Begin at the line containing "Vintage beanie hood" in the records below, end at the line containing "PIXY Slim Line Matte Eyeliner Black", and retype each line in that span exactly. No other line and no image should appear.

Data —
◆ ◆ ◆ ◆ ◆

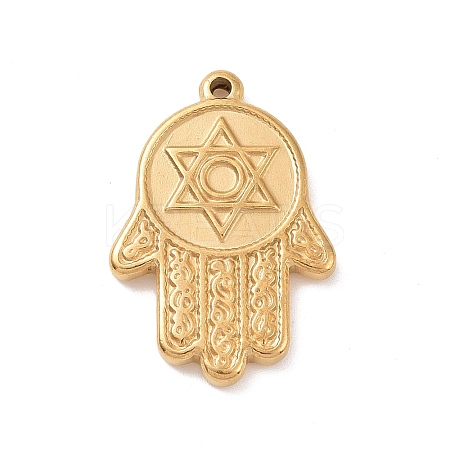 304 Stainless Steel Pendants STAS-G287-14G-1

◆ ◆ ◆ ◆ ◆

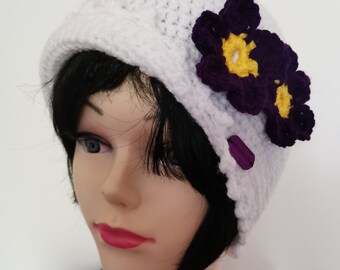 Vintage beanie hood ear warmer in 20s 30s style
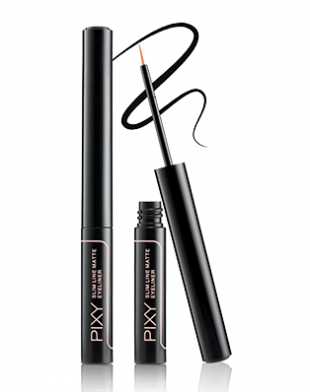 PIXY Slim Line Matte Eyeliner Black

◆ ◆ ◆ ◆ ◆

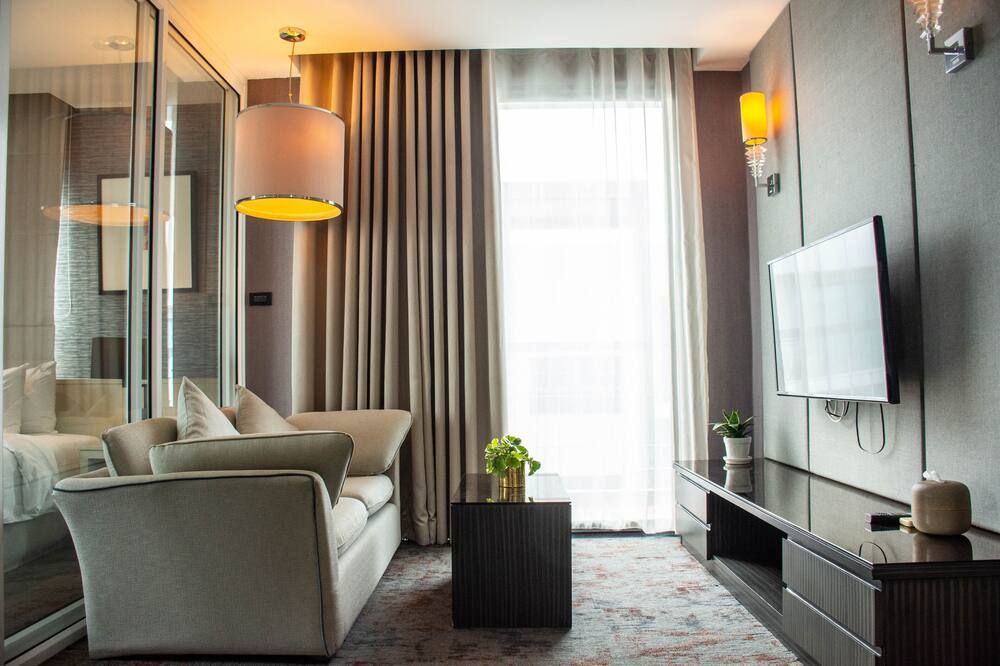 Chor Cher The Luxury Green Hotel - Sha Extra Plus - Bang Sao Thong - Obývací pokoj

◆ ◆ ◆ ◆ ◆

Response for this exercise —
 Vintage beanie hood ear warmer in 20s 30s style
 PIXY Slim Line Matte Eyeliner Black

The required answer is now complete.